In my own small way, I send my ten dollars to Bernie every month so he can get the word out. If it somehow helps someone then, my small contribution was worth it. For what its worth, I also send ten bucks per month to Elizabeth Warren and Al Franken. Don’t you want to save a puppy too? (lol)
Bernie Sanders’ press problem won’t be going away once Hillary Clinton begins campaigning in earnest. There’ll be anti-Hillary press conferences by all 10 or 15 GOP candidates attacking her latest statements and that will be the news about the presidential race. I just hope not to see Clinton turning to attack Bernie Sanders instead of the Republican goobers who have always raced to the bottom depths. Both Bernie Sanders and Hillary Clinton would do well to simply ignore these degenerates on the right; that will only drive them to wackier and wackier extremes.
The GOP side of this contest thus far is an embarrassment of riches. There’s room on the left for both candidates to look like reasonable people with differences of opinion as opposed to foaming at the mouth idiots.
I believe that the Democratic candidates are going to follow this path; I also believe a problem could be Democratic “supporters” of both candidates who ought to know better.

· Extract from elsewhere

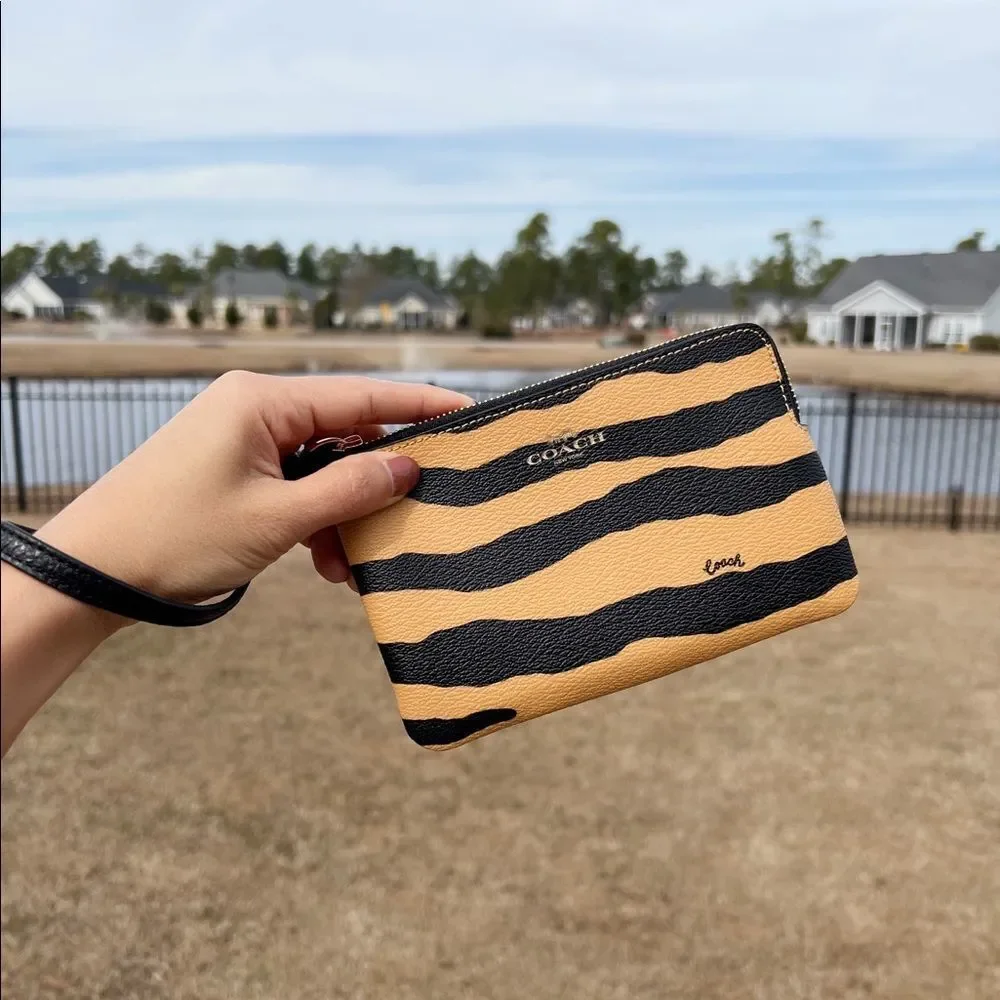 Coach Corner‎ Zip Wristlet With Tiger Print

Yeah, I agree, Demos have to avoid cracking on the other Demo. The next Supreme Court nominee is on the list of to-dos, and there isn’t a single Republican sounding nearly sane.
Bernie Sanders campaign is all about getting a message out that the media and the right wing does not want the American people to hear and not at all about “winning.” There is no need whatsoever for Bernie and Hillary to compete with one another. Hillary has the name recognition and the political “chops” to get the nomination. Bernie Sanders is reiterating a message that Thom Hartmann and many others are trying to get heard. The campaign for President just may give him a larger megaphone.